Tanzanian-born novelist Abdulrazak Gurnah on Thursday won the Nobel Literature Prize for his writings on post-colonialism and the trauma of the refugee experience.
Gurnah, who grew up on the island of Zanzibar but arrived in England as a refugee at the end of the 1960s, is the fifth African to win the Nobel Literature Prize.
The Swedish Academy said Gurnah was honoured “for his uncompromising and compassionate penetration of the effects of colonialism and the fate of the refugee in the gulf between cultures and continents.”
“His novels recoil from stereotypical descriptions and open our gaze to a culturally diversified East Africa unfamiliar to many in other parts of the world,” the Nobel Foundation added.
Gurnah told the Nobel Prize website he was stunned to get the call from the Swedish Academy.
“I thought it was a prank,” he said. “These things are usually floated for weeks beforehand… so it was not something that was in my mind,” he said.
He has published 10 novels and a number of short stories.
The head of the Academy’s Nobel committee, Anders Olsson, said Gurnah’s reflections on the plight of refugees were particularly topical.
“His writings are extremely interesting right now for many, many people in Europe and around the world,” Olsson told reporters.
His itinerant characters “find themselves in a hiatus between cultures and continents, between a life that was and a life emerging; it is an insecure state that can never be resolved,” the Academy said.
The theme of the refugee’s disruption runs throughout his work, with a focus on identity and self-image, also apparent in the 1996 novel “Admiring Silence” and “By the Sea” from 2001.
After his win, Gurnah urged Europe to see African refugees as assets, saying that “many of these people who come, come out of need, and also because quite frankly they have something to give.”
“They don’t come empty-handed. A lot of talented, energetic people who have something to give,” Gurnah told the Nobel Foundation in an interview.
Publisher ‘never expected it’
The announcement also caught Gurnah’s Swedish publisher off guard.
“I may have heard someone suggest once that his books were of Nobel calibre. But I never expected him to get it,” Henrik Celander told Swedish news agency TT.
Born in 1948, Gurnah fled Zanzibar in 1968 following the revolution there which led to oppression and the persecution of citizens of Arab origin.

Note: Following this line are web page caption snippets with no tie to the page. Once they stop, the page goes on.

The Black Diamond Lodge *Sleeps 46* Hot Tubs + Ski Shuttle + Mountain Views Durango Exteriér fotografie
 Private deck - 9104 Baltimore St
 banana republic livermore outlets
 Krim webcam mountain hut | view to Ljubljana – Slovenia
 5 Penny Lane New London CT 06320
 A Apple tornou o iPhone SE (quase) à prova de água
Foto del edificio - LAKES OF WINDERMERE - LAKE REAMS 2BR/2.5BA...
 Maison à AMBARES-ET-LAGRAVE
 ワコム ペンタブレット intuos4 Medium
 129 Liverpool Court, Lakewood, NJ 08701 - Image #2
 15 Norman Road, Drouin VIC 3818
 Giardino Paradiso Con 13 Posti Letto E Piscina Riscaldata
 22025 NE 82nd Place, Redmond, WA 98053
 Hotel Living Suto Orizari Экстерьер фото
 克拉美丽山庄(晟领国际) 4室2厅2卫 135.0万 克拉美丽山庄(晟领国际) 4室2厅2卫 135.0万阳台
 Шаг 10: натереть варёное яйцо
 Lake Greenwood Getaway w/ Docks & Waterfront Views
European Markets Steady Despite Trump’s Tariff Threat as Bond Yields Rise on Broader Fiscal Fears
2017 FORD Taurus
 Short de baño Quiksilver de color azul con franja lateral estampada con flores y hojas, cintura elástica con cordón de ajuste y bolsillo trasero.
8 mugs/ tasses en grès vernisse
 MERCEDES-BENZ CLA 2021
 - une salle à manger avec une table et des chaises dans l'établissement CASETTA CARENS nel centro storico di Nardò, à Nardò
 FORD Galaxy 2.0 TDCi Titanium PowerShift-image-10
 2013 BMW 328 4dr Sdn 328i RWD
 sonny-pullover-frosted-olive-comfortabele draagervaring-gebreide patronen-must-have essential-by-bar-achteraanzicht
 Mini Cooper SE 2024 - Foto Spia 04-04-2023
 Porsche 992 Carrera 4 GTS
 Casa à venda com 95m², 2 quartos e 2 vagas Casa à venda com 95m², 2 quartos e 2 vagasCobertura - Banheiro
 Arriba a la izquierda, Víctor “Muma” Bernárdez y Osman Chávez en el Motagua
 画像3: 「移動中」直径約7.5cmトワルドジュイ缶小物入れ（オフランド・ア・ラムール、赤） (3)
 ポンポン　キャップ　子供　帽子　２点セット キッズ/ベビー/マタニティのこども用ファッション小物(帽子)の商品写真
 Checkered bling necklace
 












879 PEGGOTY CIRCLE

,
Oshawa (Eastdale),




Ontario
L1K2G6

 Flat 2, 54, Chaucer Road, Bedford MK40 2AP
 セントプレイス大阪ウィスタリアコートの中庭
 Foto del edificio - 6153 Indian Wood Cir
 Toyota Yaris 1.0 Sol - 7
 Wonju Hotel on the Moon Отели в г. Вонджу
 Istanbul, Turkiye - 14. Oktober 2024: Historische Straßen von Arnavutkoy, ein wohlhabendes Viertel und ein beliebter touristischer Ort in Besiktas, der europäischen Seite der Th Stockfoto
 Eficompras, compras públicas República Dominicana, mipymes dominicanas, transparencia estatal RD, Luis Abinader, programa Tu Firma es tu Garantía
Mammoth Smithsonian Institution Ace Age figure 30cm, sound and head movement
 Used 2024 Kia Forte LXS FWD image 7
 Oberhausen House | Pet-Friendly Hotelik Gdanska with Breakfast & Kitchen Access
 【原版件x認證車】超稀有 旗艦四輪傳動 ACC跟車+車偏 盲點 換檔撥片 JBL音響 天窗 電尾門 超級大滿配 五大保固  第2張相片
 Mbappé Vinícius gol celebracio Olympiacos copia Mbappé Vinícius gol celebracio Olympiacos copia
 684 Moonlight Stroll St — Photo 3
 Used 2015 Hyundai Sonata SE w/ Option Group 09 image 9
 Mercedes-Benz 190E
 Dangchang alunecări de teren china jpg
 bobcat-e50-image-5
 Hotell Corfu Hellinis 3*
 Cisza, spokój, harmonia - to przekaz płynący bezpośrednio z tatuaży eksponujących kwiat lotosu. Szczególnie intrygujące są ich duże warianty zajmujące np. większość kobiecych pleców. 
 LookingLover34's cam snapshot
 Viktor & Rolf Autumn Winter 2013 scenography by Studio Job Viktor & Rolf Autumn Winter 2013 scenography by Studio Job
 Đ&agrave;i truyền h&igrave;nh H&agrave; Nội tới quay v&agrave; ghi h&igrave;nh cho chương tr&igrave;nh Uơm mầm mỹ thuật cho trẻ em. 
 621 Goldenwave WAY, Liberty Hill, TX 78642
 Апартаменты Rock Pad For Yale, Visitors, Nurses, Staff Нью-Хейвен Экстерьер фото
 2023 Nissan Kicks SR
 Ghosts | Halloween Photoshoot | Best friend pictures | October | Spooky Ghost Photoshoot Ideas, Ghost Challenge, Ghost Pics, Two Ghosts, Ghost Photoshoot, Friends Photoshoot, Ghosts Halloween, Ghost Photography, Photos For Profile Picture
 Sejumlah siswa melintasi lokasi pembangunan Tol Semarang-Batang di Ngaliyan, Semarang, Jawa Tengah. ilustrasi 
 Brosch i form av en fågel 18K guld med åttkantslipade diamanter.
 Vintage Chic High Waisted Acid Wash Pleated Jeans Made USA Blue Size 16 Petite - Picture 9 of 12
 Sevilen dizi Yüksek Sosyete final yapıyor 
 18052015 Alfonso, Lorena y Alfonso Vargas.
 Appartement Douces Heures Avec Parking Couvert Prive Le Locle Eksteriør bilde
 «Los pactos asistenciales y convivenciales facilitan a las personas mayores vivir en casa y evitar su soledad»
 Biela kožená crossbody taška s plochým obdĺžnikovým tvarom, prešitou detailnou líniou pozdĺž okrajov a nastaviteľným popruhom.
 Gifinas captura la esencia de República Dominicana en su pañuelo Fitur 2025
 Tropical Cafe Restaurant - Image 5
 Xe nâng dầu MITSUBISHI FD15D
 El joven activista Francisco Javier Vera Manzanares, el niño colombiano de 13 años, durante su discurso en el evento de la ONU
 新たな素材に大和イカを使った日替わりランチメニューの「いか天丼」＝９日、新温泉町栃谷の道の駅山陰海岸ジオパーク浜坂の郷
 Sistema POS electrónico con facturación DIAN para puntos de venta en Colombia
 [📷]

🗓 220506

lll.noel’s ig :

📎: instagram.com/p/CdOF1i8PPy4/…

He began writing as a 21-year-old in England. Although Swahili was his first language, English became his literary tool.
Gurnah is best known for his 1994 breakthrough novel “Paradise”, set in colonial East Africa during World War I, which was shortlisted for the Booker Prize for Fiction.
The novel has obvious references to English author Joseph Conrad’s famed 1902 novel “Heart of Darkness” in its portrayal of the innocent young hero Yusuf’s journey to Central Africa and the Congo Basin.
Gurnah has until his recent retirement been Professor of English and Postcolonial Literatures at the University of Kent in Canterbury, focusing principally on writers such as Wole Soyinka, Ngugi wa Thiong’o and Salman Rushdie.
The Nobel Prize comes with a medal and a prize sum of 10 million Swedish kronor (about $1.1 million).
Last year, the award went to US poet Louise Gluck.
Ahead of Thursday’s announcement, Nobel watchers had suggested the Swedish Academy could choose to give the nod to a writer from Asia or Africa, following a pledge to make the prize more diverse.
It has crowned mainly Westerners in its 120-year existence.
The Academy has long insisted its laureates were chosen on literary merit alone, and that it did not take nationality into account.
But after a #MeToo scandal that rocked the Academy — prompting it to postpone the 2018 prize for a year — the body said it would adjust its criteria towards more geographic and gender diversity.
“Previously, we had a more Eurocentric perspective of literature, and now we are looking all over the world,” Nobel committee head Olsson said in 2019.
But at the end of the day, “literary merit” is still “the absolute and the only criterion” for the Academy, Olsson reiterated in an interview with The New Republic published this week.
The Nobel season continues Friday in Oslo with the Peace Prize, followed Monday by the Economics Prize.